Depuis, d’autres dysfonctionnements de ce type, mais moins spectaculaires, ont pu être observés y compris très récemment sur l’action Apple ou BATS.
Si aller toujours plus vite était systématiquement la bonne réponse, il y aurait longtemps que les limitations de vitesse sur les routes auraient été abolies et jamais Air France ou British Airways n’auraient envoyé Concorde au musée.
Ayant sous-titré cet article « le bon grain et l’ivraie », notre lecteur ne sera pas surpris de nous voir faire le tri entre des techniques de THF qui nous paraissent avoir une utilité sociale : l’arbitrage, le market making, la spéculation et d’autres qui nous semblent nettement plus douteuses comme l’anticipation d’ordres ou des techniques spéculatives s’apparentant à la manipulation du marché.
De la même façon, il n’est pas normal que des intervenants en THF soient régulés (les banques par Bâle 2 puis 3 : ratios prudentiels, inspection des autorités de contrôle, tests externes des procédures…) alors que d’autres (les autres) y échappent pour une large part ou totalement.
Le bombardement d’ordres quasiment immédiatement annulés pour la quasi-totalité ensuite et la course à la co-localisation des ordinateurs à côté de ceux des places de marché donnent spontanément une impression négative des THF comme si elles étaient fondées sur la tricherie, la manipulation et la concurrence déloyale au détriment des autres intervenants de marché qui représentent, à défaut d’être encore la majorité des ordres passés, l’immense majorité des intervenants de marché.

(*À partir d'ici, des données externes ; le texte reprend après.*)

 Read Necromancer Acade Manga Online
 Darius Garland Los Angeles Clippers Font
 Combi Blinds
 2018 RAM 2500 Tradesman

A une époque où la cupidité, l’égoïsme, voire la malhonnêteté d’une poignée a jeté injustement le discrédit sur la vaste majorité des personnes travaillant dans le domaine financier ; à une époque où un candidat à la présidence de la République, ayant de sérieuses chances d’être élu, déclare que la finance est son adversaire, on ne peut plus permettre de laisser se développer sans réaction des techniques dont l’utilité collective est incertaine, que les régulateurs ne sont capables de contrôler que de très loin, faute de moyens, et qui font courir des risques mal mesurés mais potentiellement très élevés.

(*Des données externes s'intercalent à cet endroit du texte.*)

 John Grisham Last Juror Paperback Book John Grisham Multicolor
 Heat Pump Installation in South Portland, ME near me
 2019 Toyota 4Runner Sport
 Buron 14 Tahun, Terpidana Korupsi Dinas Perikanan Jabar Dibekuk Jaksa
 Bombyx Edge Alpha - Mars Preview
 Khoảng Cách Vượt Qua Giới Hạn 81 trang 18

Heureusement, les autorités de marché semblent avoir pris la mesure du problème. En Europe, dans le cadre de la révision de la directive MIFID / MIF, tout acteur significatif en THF devrait être régulé et se voir imposé des contraintes de capitaux propres et de gestion des risques. Ceux qui jouent de facto un rôle de market markers devraient s’en voir imposer les règles. Les co-locations d’ordinateurs devraient être offertes à tout intervenant qui en fait la demande sur une base non discriminatoire, mais il y a des limites physiques… La notion d’abus de marché devrait être mieux définie et donc plus aisée à réprimer. Des arrêts de marché obligatoire en cas de variations trop fortes des cours ou de la volatilité pourraient être imposés.

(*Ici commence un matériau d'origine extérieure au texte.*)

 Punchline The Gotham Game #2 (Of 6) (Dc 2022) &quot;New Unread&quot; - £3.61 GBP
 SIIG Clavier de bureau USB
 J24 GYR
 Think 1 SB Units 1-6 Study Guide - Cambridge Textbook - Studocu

Couplés avec les projets de taxation des transactions financières7, les THF devraient être mieux encadrées rendant le marché plus sûr au prix probable d’une efficacité moindre mais loin d’être rédhibitoire. Après tout, qui se plaint de ne plus pouvoir aller de Paris à New York en 3,5 heures comme au temps du Concorde ?
Et si l’on nous permet, pour terminer, un conseil à l’industrie des THF, ce serait celui de soigner sa communication externe actuellement inexistante car l’opacité et le culte du secret pour le secret ne sont plus de notre époque et ne peuvent que lui être défavorables.
(1) Pour plus d’informations sur la directive MIF / MIFID, voir La Lettre Vernimmen.net n° 63 de mars 2008
(2) Pour plus de détails sur les ETF, voir La Lettre Vernimmen.net n° 86 d’avril 2010 ou le chapitre 23 du Vernimmen 2012.
(3) Pour plus de détails sur le marché au hasard, voir le chapitre 17 du Vernimmen 2012.
(4) Et encore, si les récentes découvertes suisses et italiennes étaient confirmées, on pourrait encore aller plus vite.
(5) Andrew Holdane.
(6) Pour plus de détails sur les dark pools, voir la Lettre Vernimmen.net n° 71 de décembre 2008.
(7) Pour plus de détails, voir la Lettre Vernimmen.net n° 105 de février 2012.